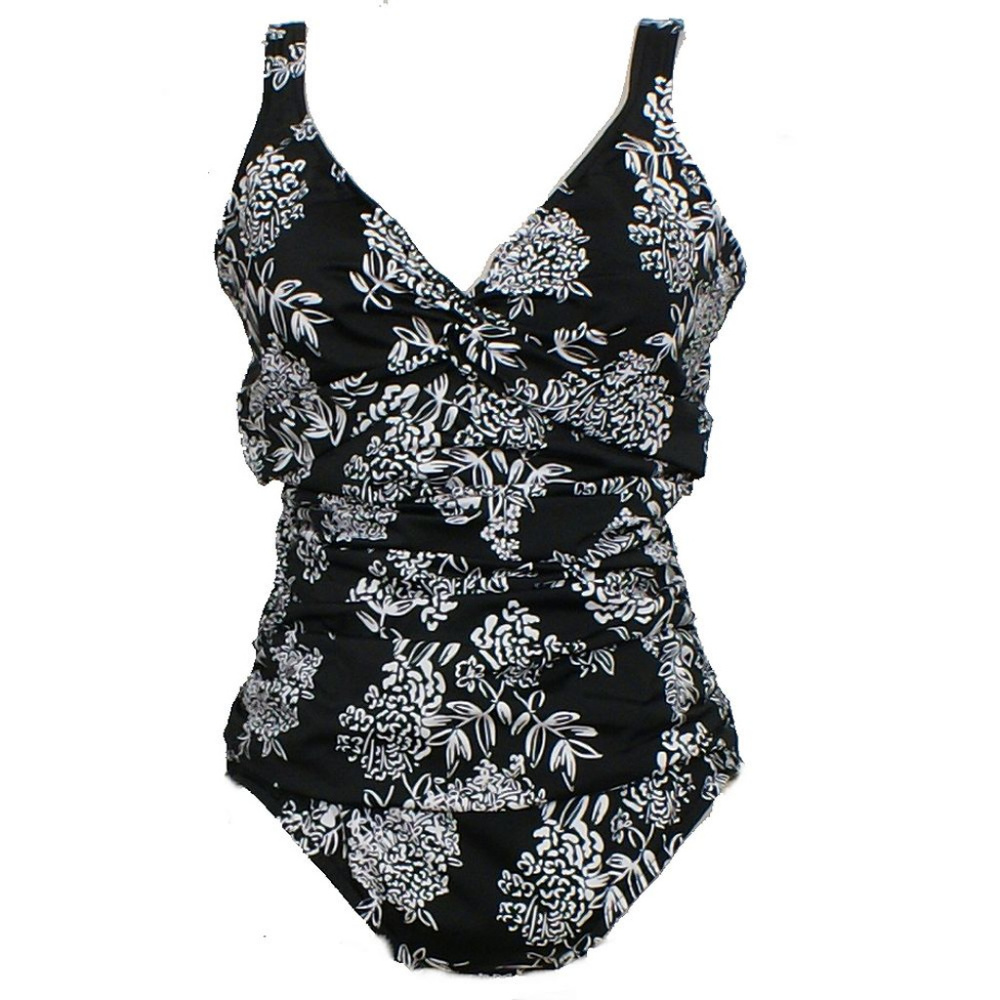 Black Floral Ruched Tummy  Control Swimsuit 14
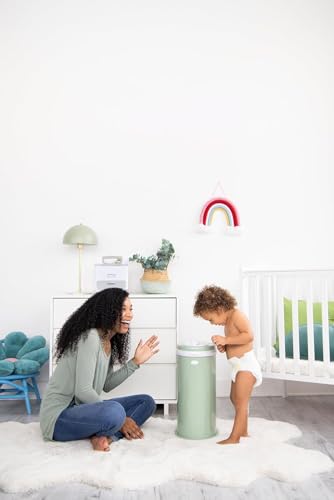 Ubbi Steel Diaper Pail, Odor Locking, No Special Bag Required, Award-Winning, Registry Must-Have, Sage Green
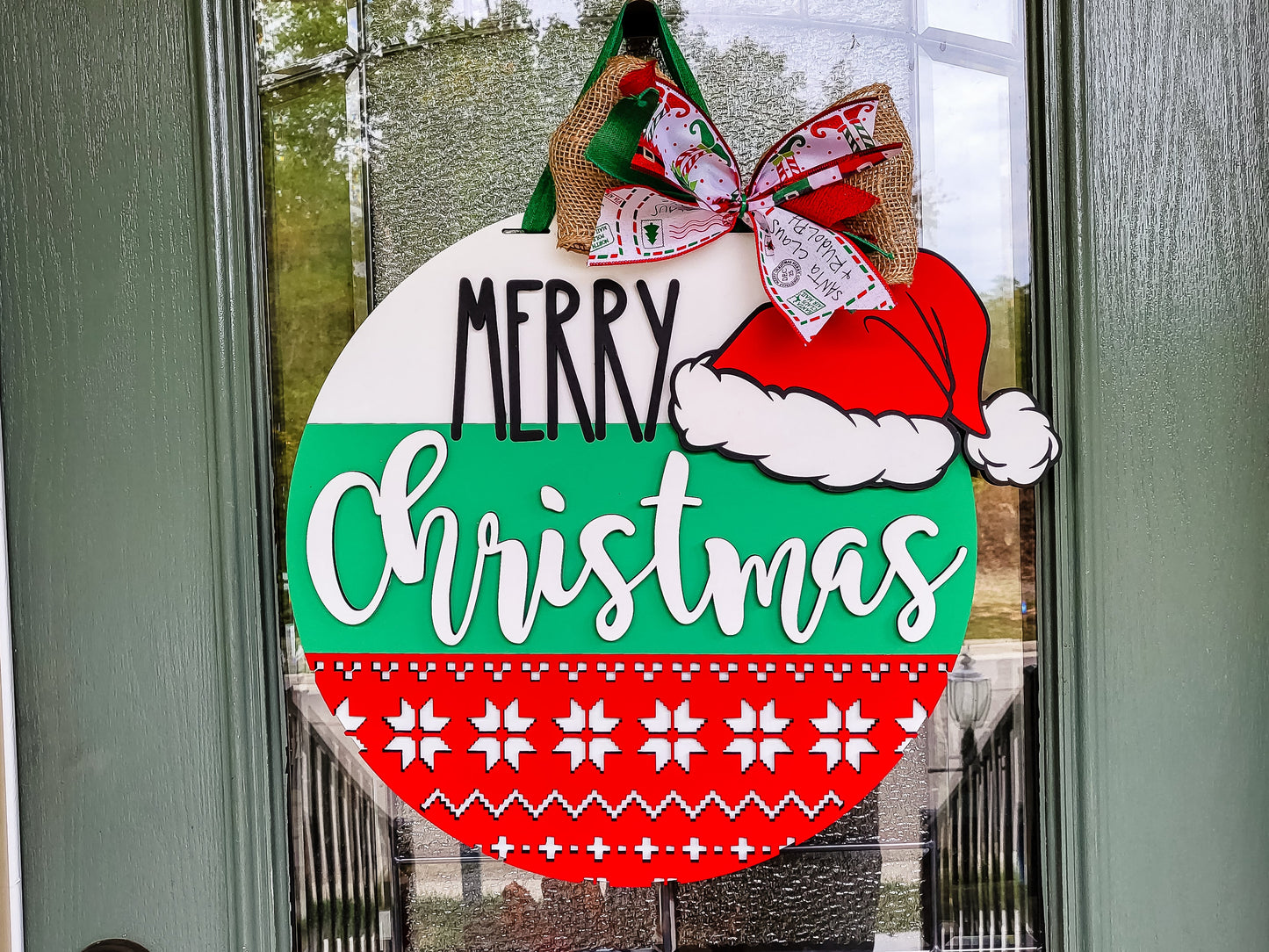 Merry Christmas Santa Hat and Sweater Door Hanger Unfinished Kit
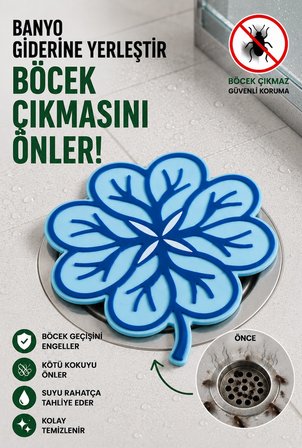 Yaprak Model Gider Koku Önleyici Silikon Mat – Banyo Mutfak Balkon Lavabo Gider Kapağı 16x16cm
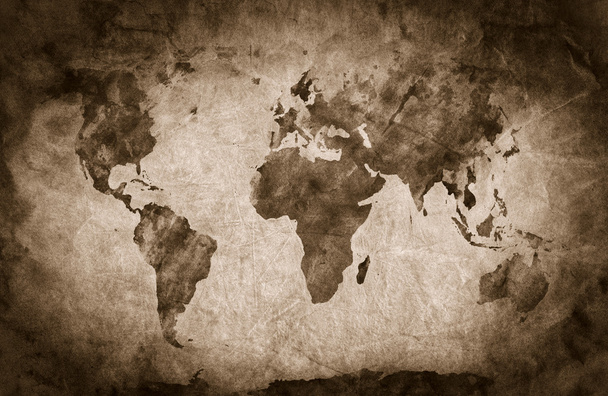 Αρχαία, παλαιά παγκόσμιο χάρτη. - Φωτογραφία, εικόνα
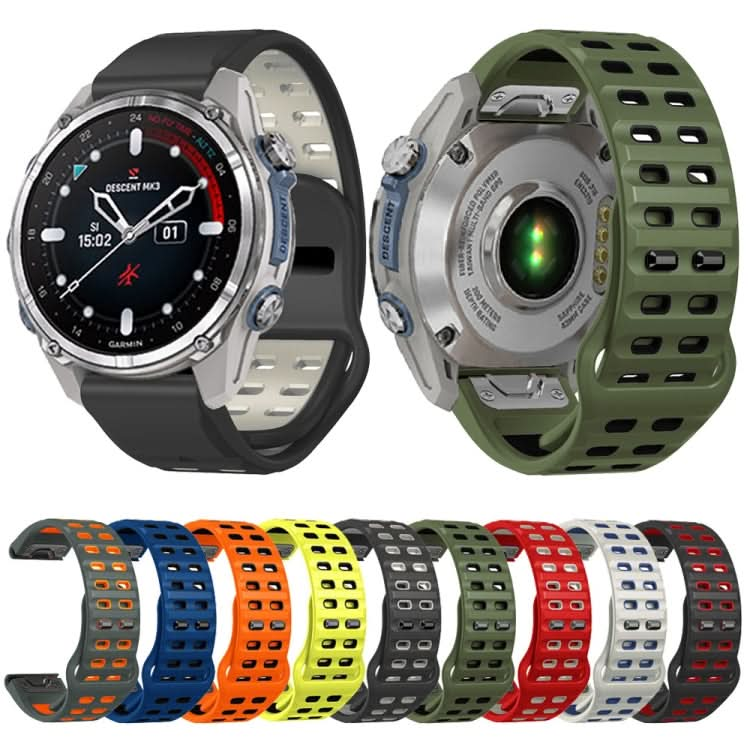 Two Color Rivets Buckle Quick Release Silicone Watch Band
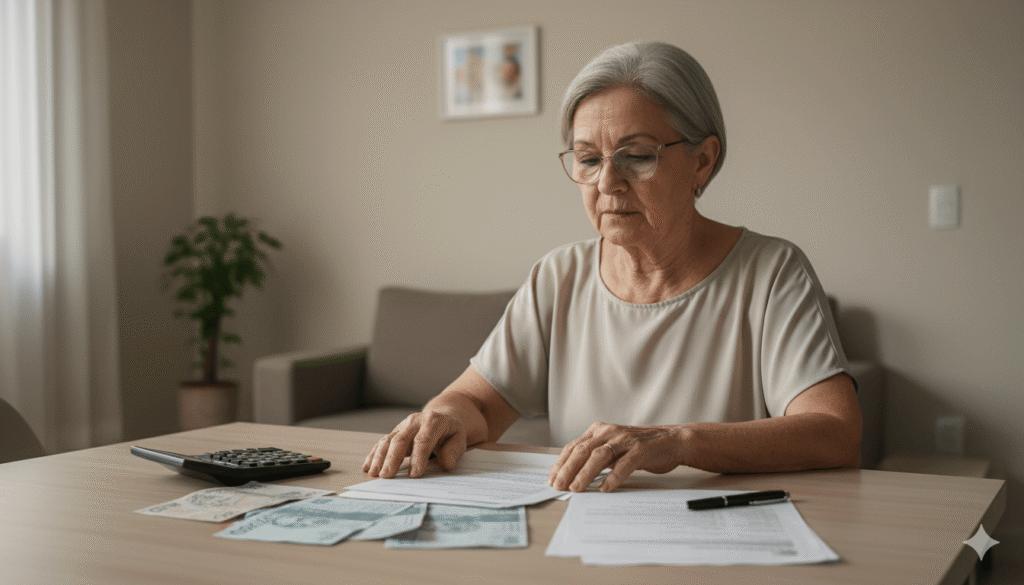 Aposentada analisando contas e papéis do INSS sobre a mesa, com expressão pensativa, refletindo sobre o impacto do salário mínimo atual no reajuste do seu benefício.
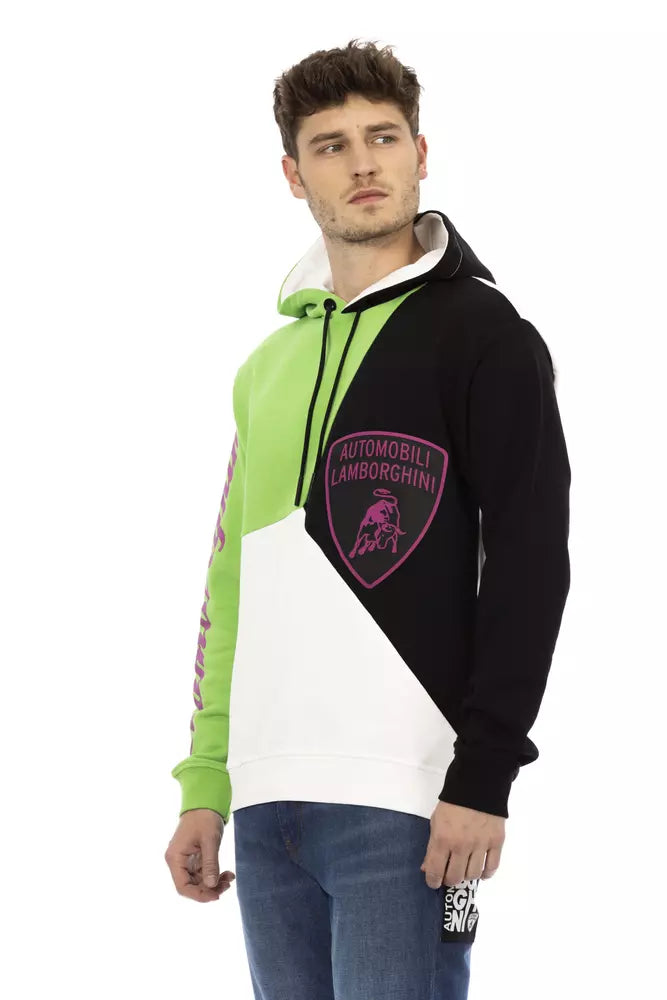 Pull Homme en Coton Blanc Automobili Lamborghini avec Capuche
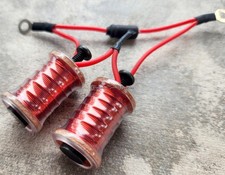 1.25" 8-32 Tattoo Machine 7.5 Wrap Brown Washers Clear Candy Red wires Forward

********************

_GOAL OF THE EXERCISE_
Retype all entries exactly, without the images.

_OUTPUT_
 Black Floral Ruched Tummy  Control Swimsuit 14
 Ubbi Steel Diaper Pail, Odor Locking, No Special Bag Required, Award-Winning, Registry Must-Have, Sage Green
 Merry Christmas Santa Hat and Sweater Door Hanger Unfinished Kit
 Yaprak Model Gider Koku Önleyici Silikon Mat – Banyo Mutfak Balkon Lavabo Gider Kapağı 16x16cm
 Αρχαία, παλαιά παγκόσμιο χάρτη. - Φωτογραφία, εικόνα
 Two Color Rivets Buckle Quick Release Silicone Watch Band
 Aposentada analisando contas e papéis do INSS sobre a mesa, com expressão pensativa, refletindo sobre o impacto do salário mínimo atual no reajuste do seu benefício.
 Pull Homme en Coton Blanc Automobili Lamborghini avec Capuche
 1.25" 8-32 Tattoo Machine 7.5 Wrap Brown Washers Clear Candy Red wires Forward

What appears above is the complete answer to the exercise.